Understanding CNN architecture is essential to grasp how these networks achieve their remarkable performance. A typical convolutional neural network consists of several key layers, each serving a specific purpose in the feature extraction and classification pipeline.
The convolutional layer is the cornerstone of CNN architecture. This layer applies learnable filters (also called kernels) to the input image through a mathematical operation called convolution. Each filter slides across the image, computing dot products between the filter weights and the input pixels, producing feature maps that highlight specific patterns.
These filters learn to detect various features automatically during training. Early convolutional layers typically identify low-level features such as edges, corners, and textures. As information flows through deeper layers, the network learns increasingly complex and abstract features, eventually recognizing entire objects or scenes.
Pooling layers (also known as subsampling or downsampling layers) reduce the spatial dimensions of feature maps while retaining the most important information. The most common type is max pooling, which selects the maximum value within a defined window. This operation provides translation invariance, meaning the network can recognize features regardless of their exact position in the image.
Pooling layers serve multiple purposes: they reduce computational requirements by decreasing the number of parameters, help prevent overfitting, and make the network more robust to small variations in input. Alternative pooling methods include average pooling and global pooling, each with specific use cases in neural network design.

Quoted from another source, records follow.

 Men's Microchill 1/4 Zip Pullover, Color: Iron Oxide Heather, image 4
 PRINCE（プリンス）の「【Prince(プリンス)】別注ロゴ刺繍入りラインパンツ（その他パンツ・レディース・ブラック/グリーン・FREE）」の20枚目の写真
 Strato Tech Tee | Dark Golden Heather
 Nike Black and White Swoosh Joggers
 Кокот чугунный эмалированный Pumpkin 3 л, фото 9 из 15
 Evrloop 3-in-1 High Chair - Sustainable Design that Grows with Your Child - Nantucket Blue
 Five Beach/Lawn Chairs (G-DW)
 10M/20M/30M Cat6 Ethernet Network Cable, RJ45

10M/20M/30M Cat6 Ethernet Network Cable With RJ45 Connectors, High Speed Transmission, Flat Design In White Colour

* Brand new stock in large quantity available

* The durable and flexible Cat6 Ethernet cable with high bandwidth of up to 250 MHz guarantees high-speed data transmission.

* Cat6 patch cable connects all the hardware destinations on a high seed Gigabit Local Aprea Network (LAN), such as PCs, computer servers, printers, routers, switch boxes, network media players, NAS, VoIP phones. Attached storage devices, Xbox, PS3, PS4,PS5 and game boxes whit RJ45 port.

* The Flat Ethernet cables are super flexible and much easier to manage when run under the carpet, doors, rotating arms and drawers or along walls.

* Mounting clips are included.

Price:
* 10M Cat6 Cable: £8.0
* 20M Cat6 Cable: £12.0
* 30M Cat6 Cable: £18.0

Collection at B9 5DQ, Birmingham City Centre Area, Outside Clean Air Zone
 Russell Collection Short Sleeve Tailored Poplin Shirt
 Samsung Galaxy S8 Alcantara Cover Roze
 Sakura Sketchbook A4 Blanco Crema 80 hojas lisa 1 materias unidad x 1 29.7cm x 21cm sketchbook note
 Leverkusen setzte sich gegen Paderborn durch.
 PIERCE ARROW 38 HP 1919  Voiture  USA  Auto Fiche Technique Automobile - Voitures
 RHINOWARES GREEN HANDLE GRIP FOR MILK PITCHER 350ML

Activation functions introduce non-linearity into the network, enabling CNNs to learn complex patterns. The Rectified Linear Unit (ReLU) is the most popular activation function for CNNs, defined as f(x) = max(0, x). ReLU and its variants (Leaky ReLU, Parametric ReLU) help networks train faster and avoid vanishing gradient problems that plagued earlier architectures.
After several convolutional and pooling layers extract features, fully connected layers (dense layers) perform the final classification. These layers flatten the multi-dimensional feature maps into a one-dimensional vector and connect every neuron to all neurons in the subsequent layer. The final fully connected layer typically uses a softmax activation function to output class probabilities for classification tasks.